The Rare Nintendo Game That Doesn't Have A RatingS

This summer, Nintendo will ship software for the Nintendo DS that's missing something seen on every other game the company publishes—a rating from the Entertainment Software Ratings Board. 100 Classic Books is rated.... nothing.

The software's box art states, instead of showcasing an ESRB rating, "This product does not require age classification." That's a rare sight.

It is, after all, simply a collection of novels and plays from William Shakespeare, Jules Verne, Jane Austen, Mark Twain and others with limited interactivity. 100 Classic Books is little more than an ereader for the Nintendo DS platform. Its interactivity is limited to adjusting the size of text, placing bookmarks and downloading new content from Nintendo's Wi-Fi Connection service.

As the ESRB notes on its official FAQ, the rating system is voluntary, "although virtually all games that are sold at retail in the U.S. and Canada are rated by the ESRB." 100 Classic Books, more of a "non-game" than any other released on the DS, is the rare exception.

Of course, here's the one catch that typically prevents unrated games from appearing on store shelves and on the console platforms you play, according to the ESRB: "Many retailers, including most major chains, have policies to only stock or sell games that carry an ESRB rating, and most console manufacturers will only permit games that have been rated by ESRB to be published for their platforms."

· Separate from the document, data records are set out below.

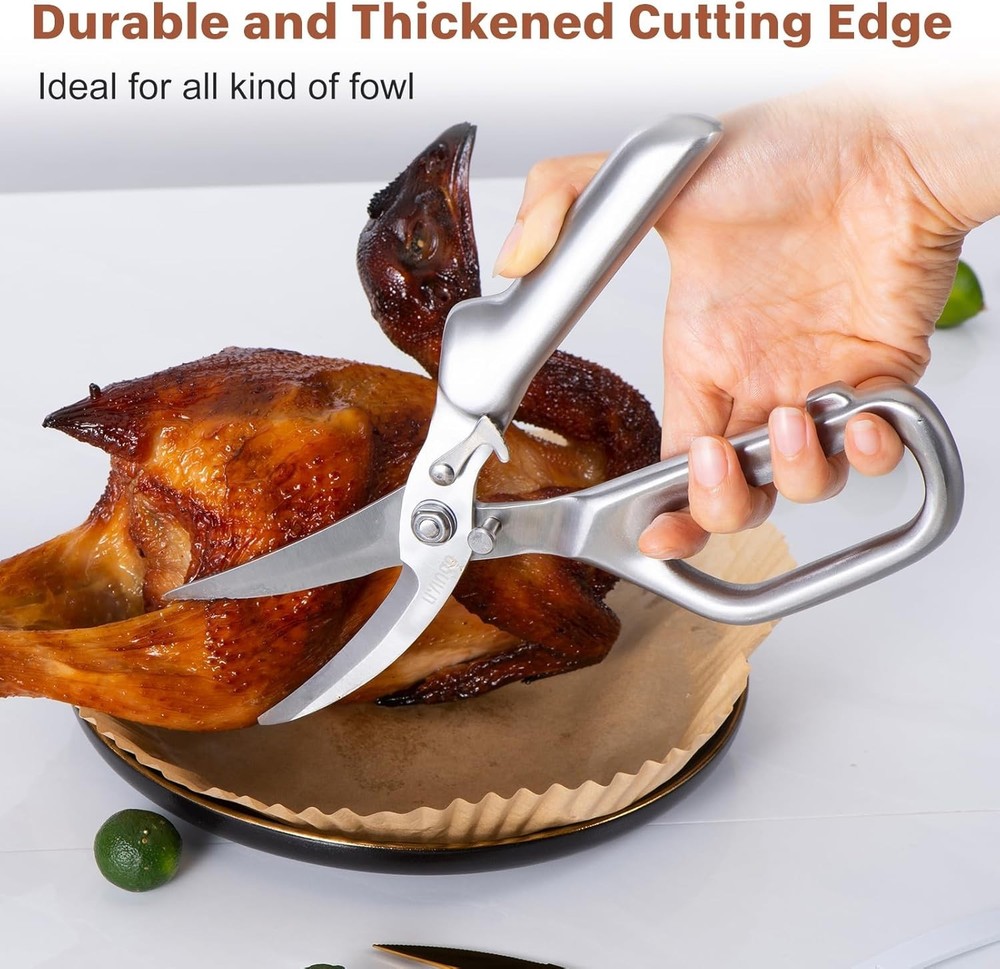 Kitchen Scissors - Heavy Duty Poultry Shears Sharp Cutting Food Chicken Bone ...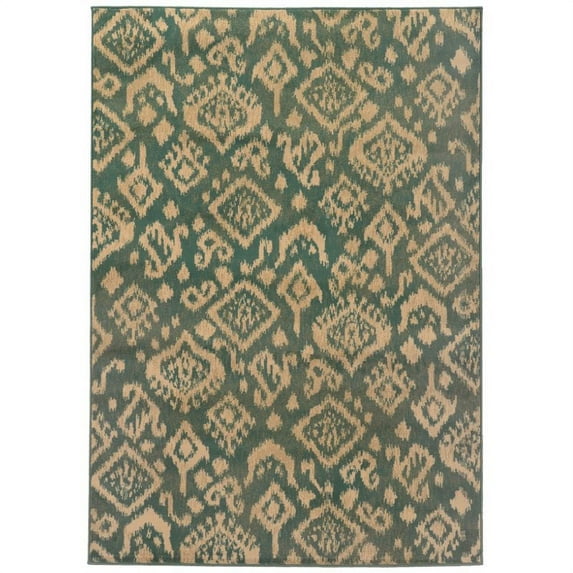 Addison Heights Easton Tribal Ikat Blue/Beige Rug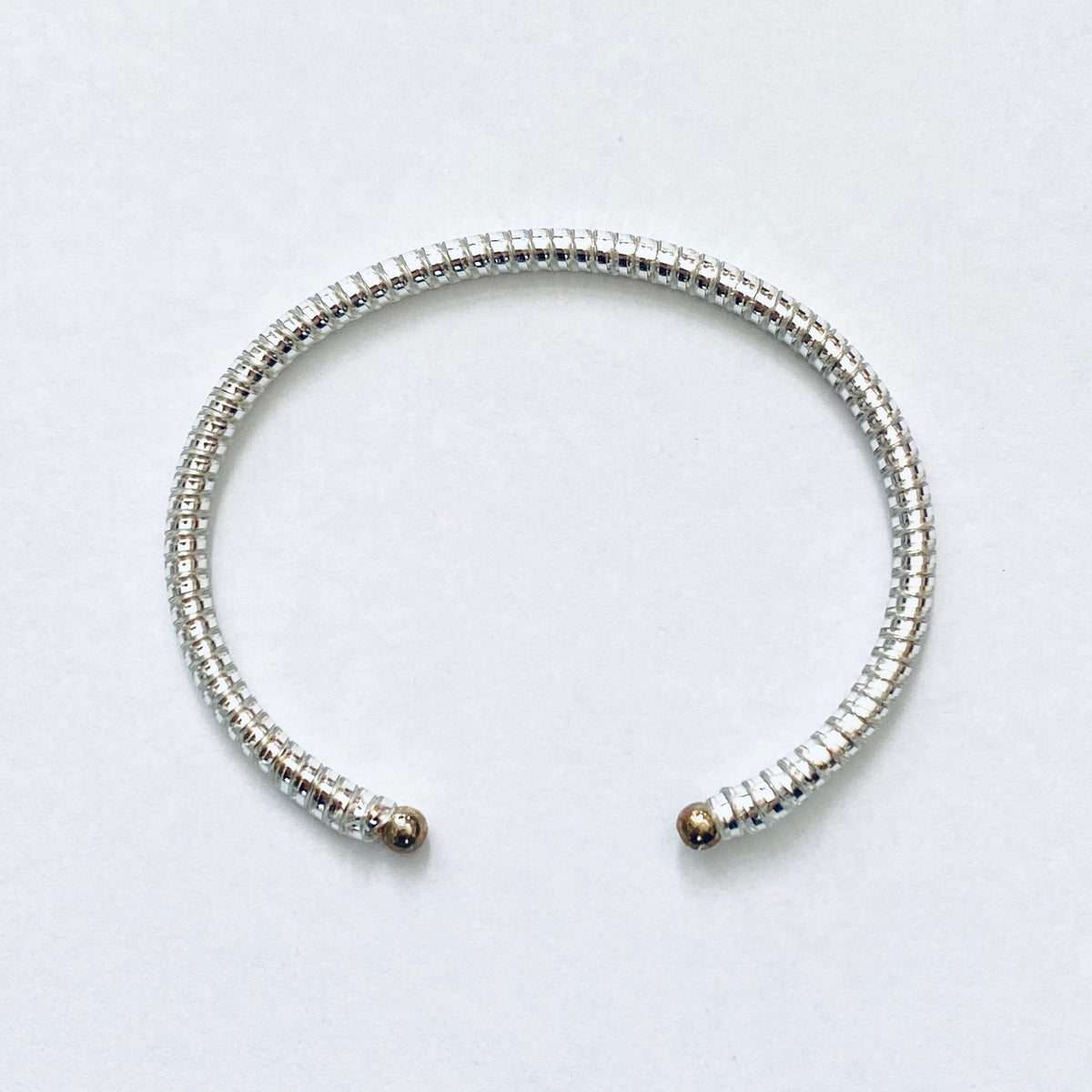 シャイニーカバーブレスレット #シルバー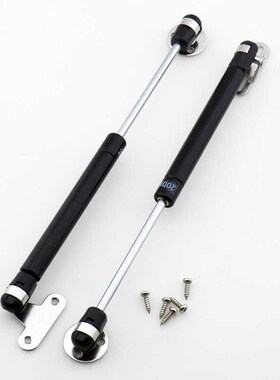 橱柜吊柜上翻门木门液压气撑杆极窄铝框门黑色胶头气动杆100N150N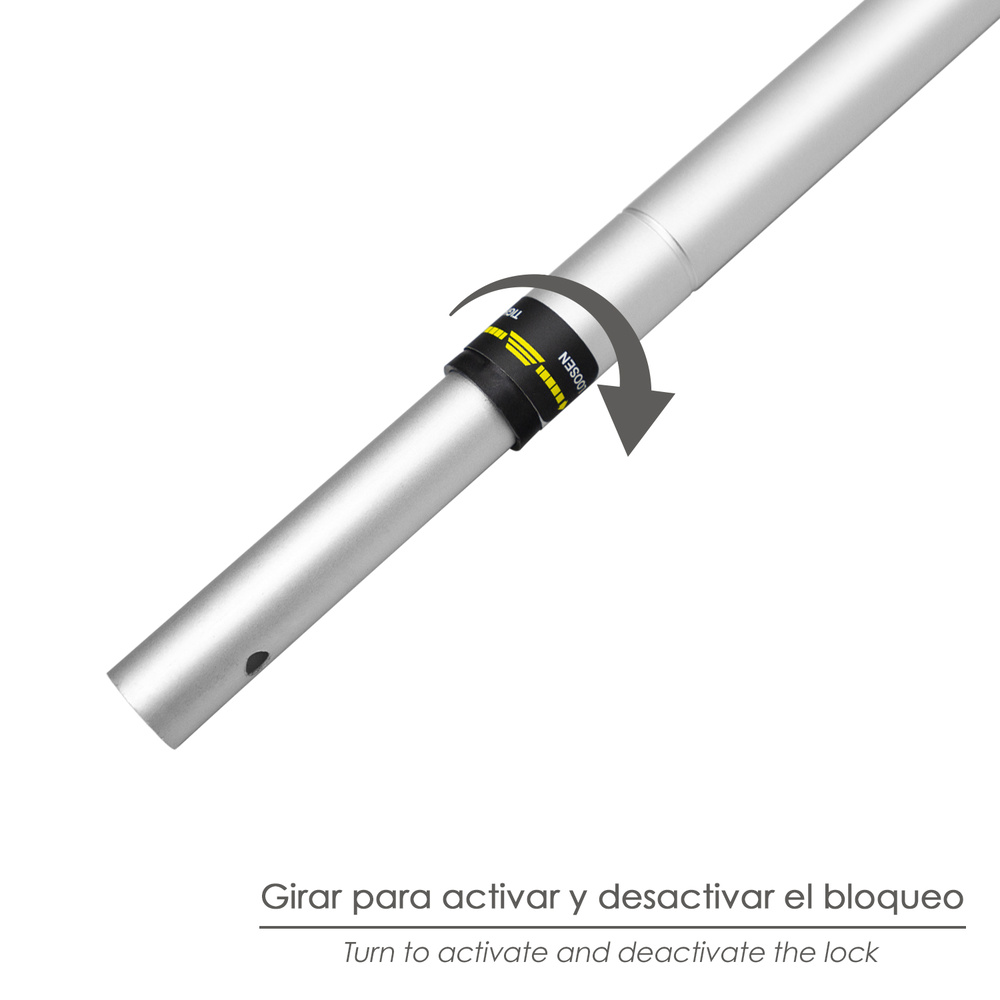 Mango Extensible Aluminio Para Cortarramas Wolfpack - Imagen 3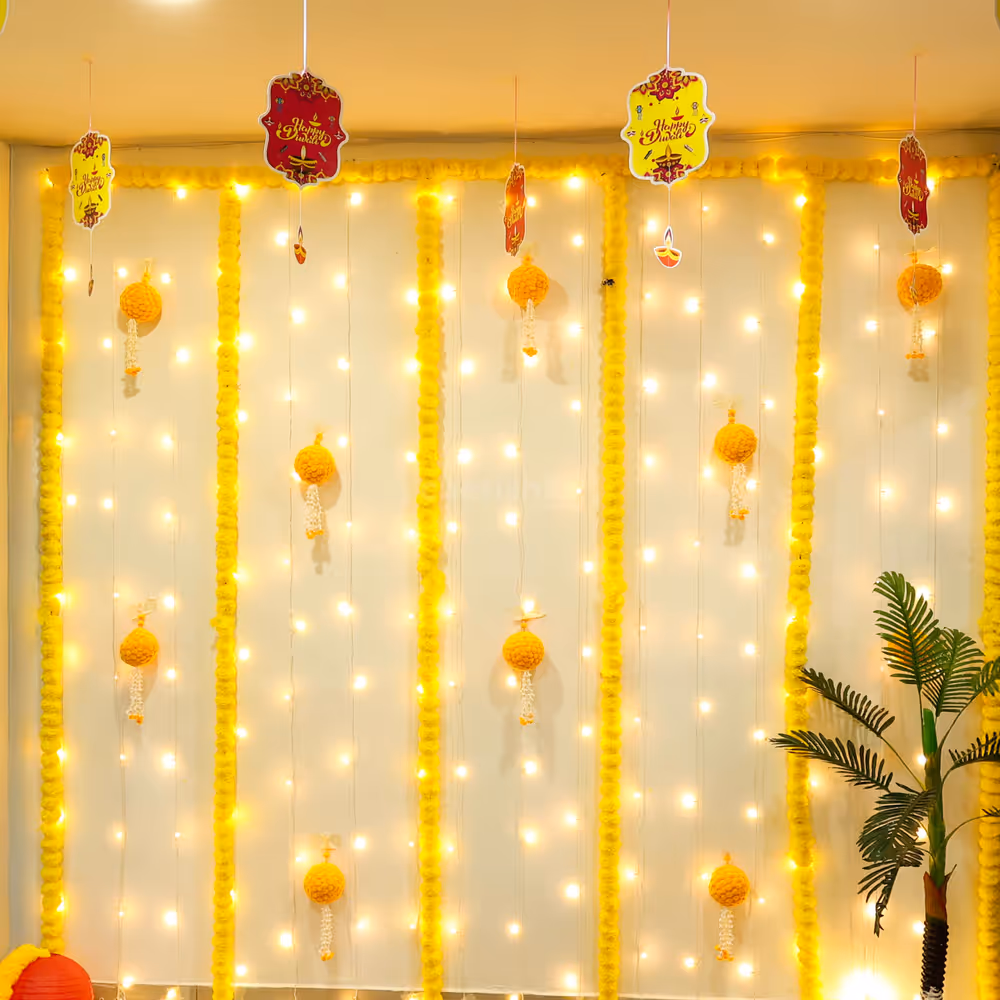 “Happy Diwali” sunboard cutout enhances Diwali mood for visitors and staff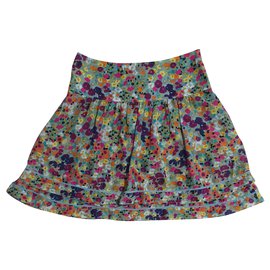 Falda floral Essentiel Antwerp de seda y algodón talla 40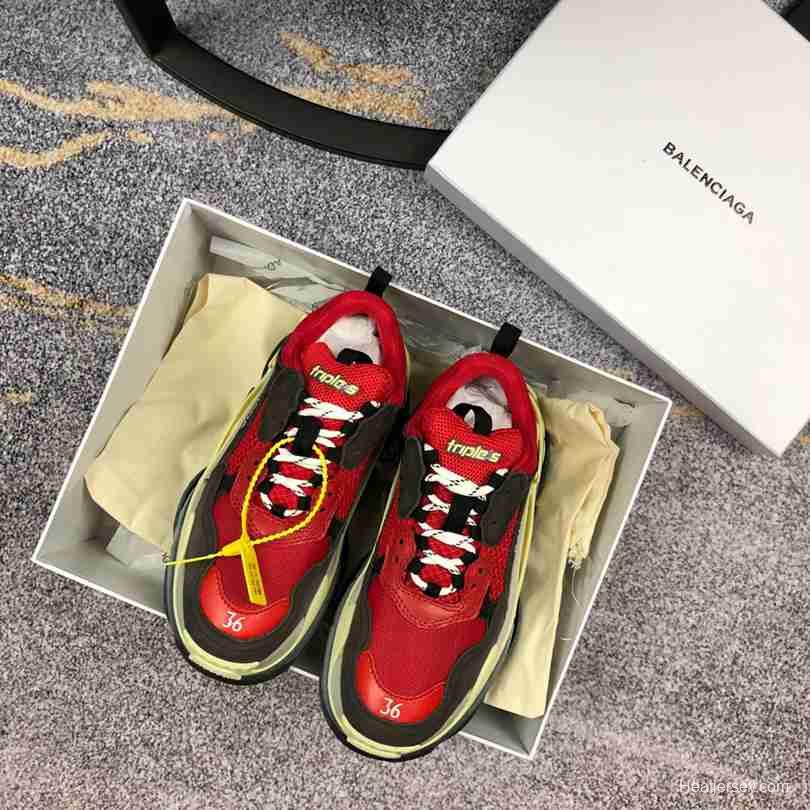 Men Balenciaga Triple-S Sneaker Black/Red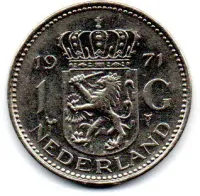 Holanda - 1971 - 1 Gulden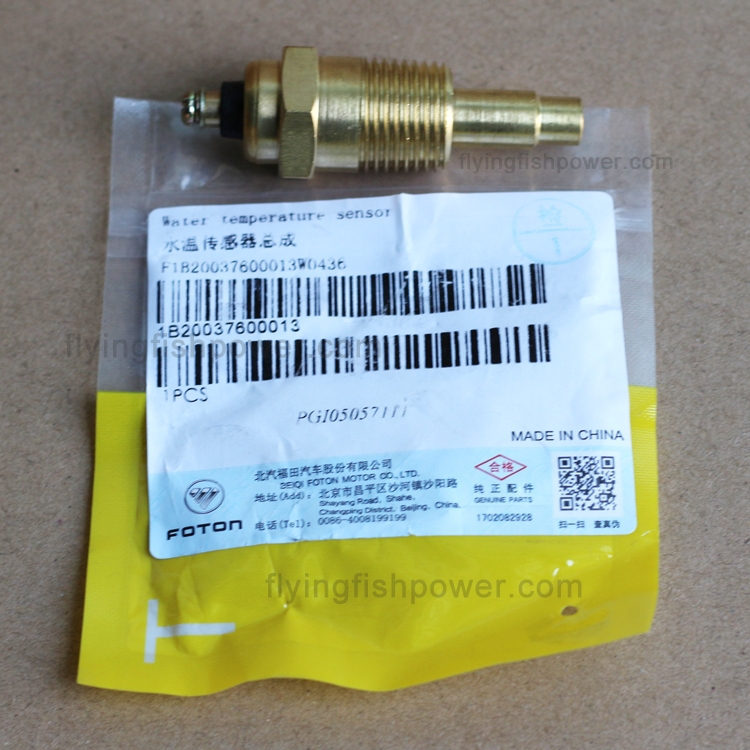 Sensor de temperatura del agua del motor Cummins ISF3.8 1B20037600013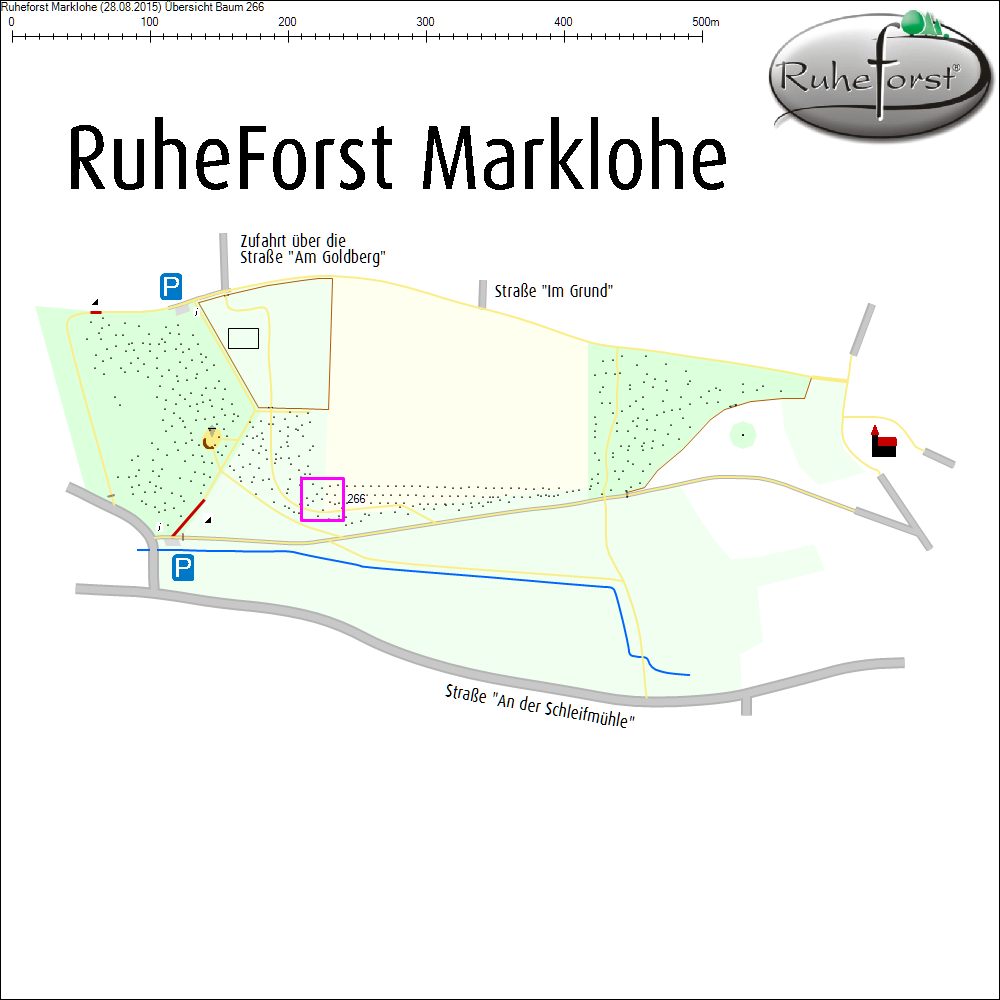 &Uuml;bersichtskarte zu Baum 266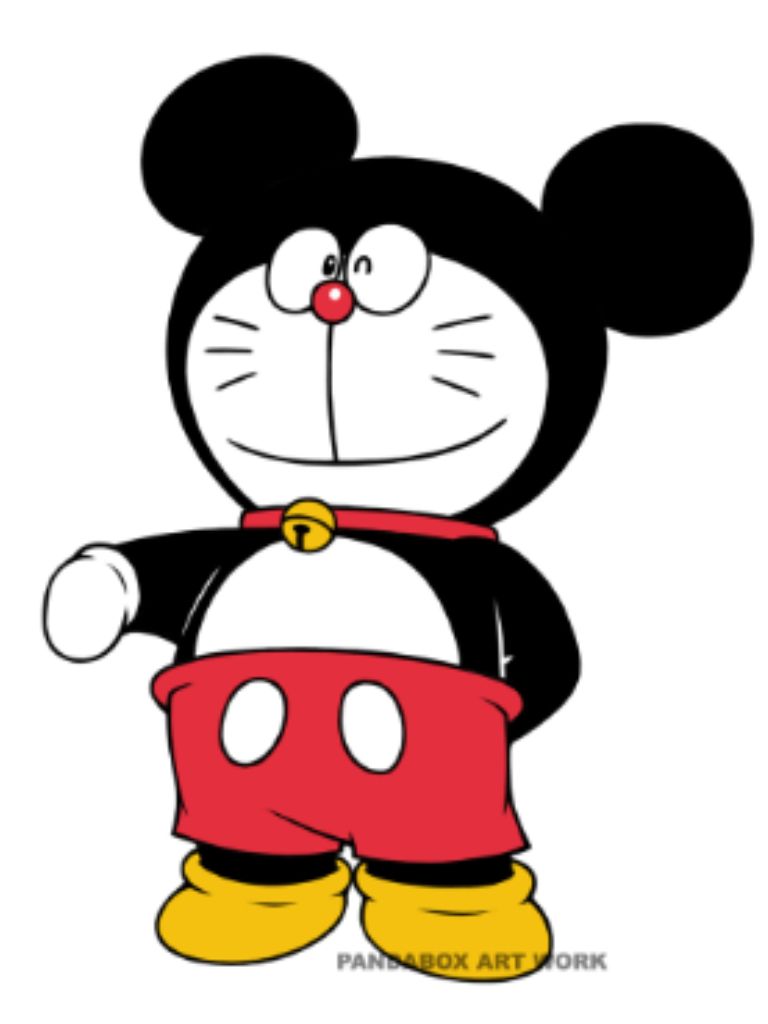 Detail Gambar Mikky Mouse Dan Doraemon Nomer 11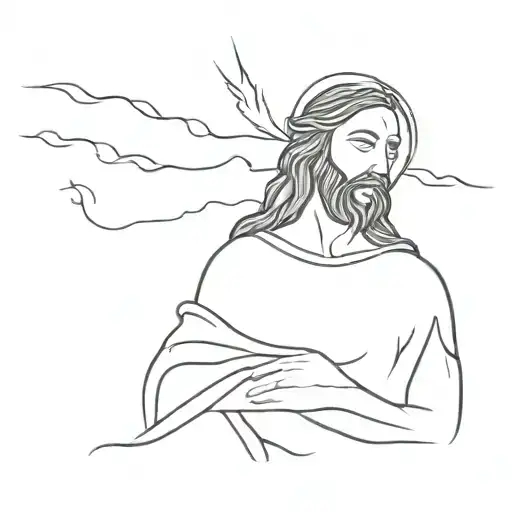 Jesus Protecting Somone In A Storm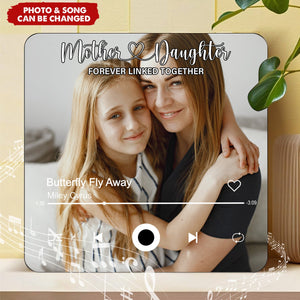 Custom Photo Family Forever Linked Together Music Fridge Magnet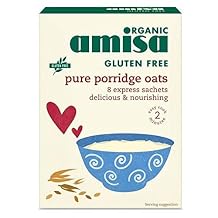Amisa - Org GF Porridge Oats Sachets | 8 x 27g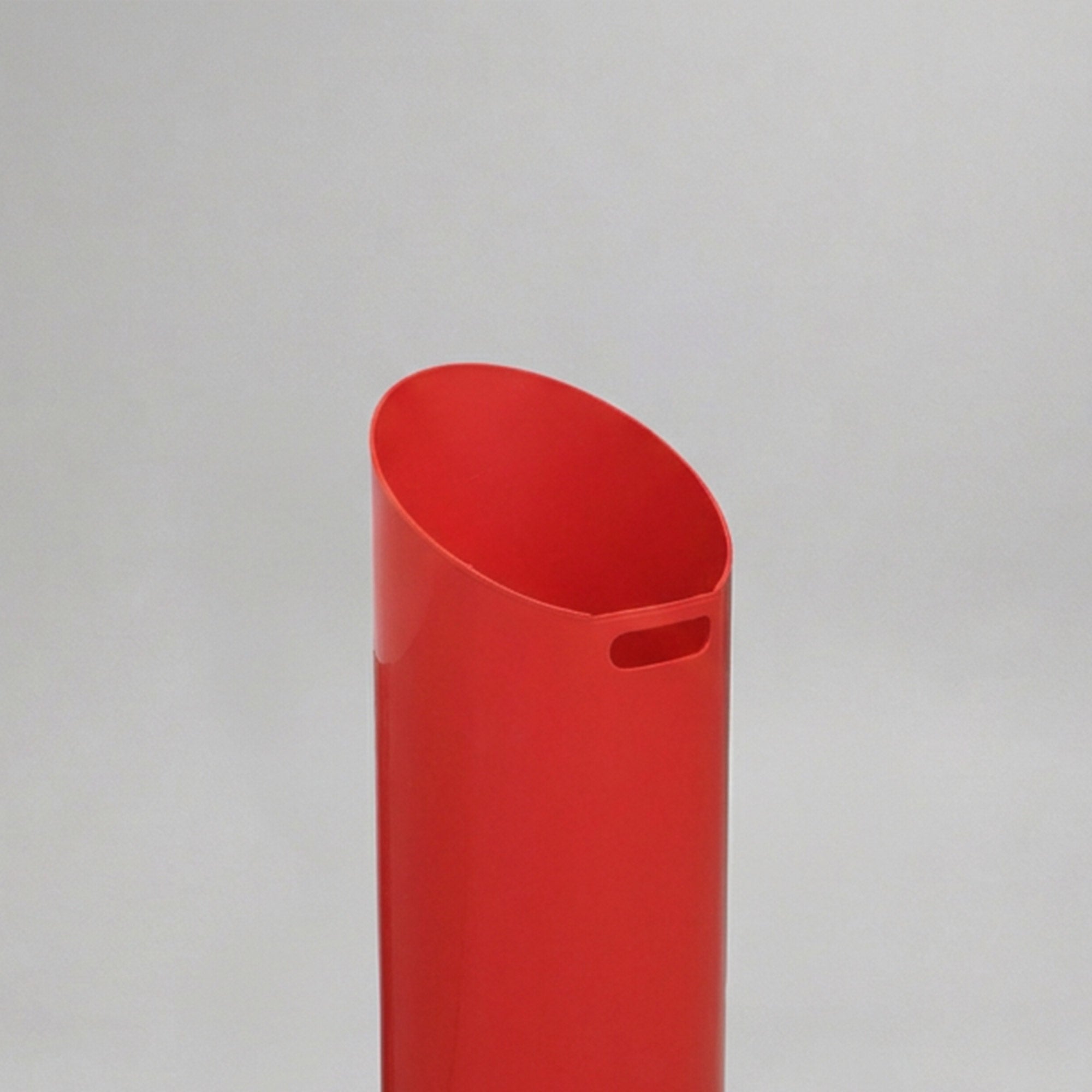 Umbrella Stand by Gino Colombini for Kartell - Red Plastic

The collection has already been released in Europe and Australia, with the box art similarly absent in ratings from local classification entities.

The content in 100 Classic Books is the kind of fare one would expect to read in grade school and junior high, generally safe stuff like Adventures of Tom Sawyer by Mark Twain and Oliver Twist by Charles Dickens, the kind of E-rated stuff that can be chalked up to "comic mischief."

But some of the included works from Shakespeare, which touch on darker themes like murder, incest, and suicide—hardly Manhunt 2-caliber content—veer toward the less E-rated. We've asked the fine folks at Nintendo how abridged (if at all) the books from Harper Collins are, just out of curiosity's sake.

Update: Nintendo says "All the books are the complete, unabridged editions." The company also points out that 100 Classic Books is not the first Nintendo game released on the Nintendo DS platform to not carry an ESRB rating. Some DSiWare titles, like the Photo Clock, that don't feature video game elements go unrated.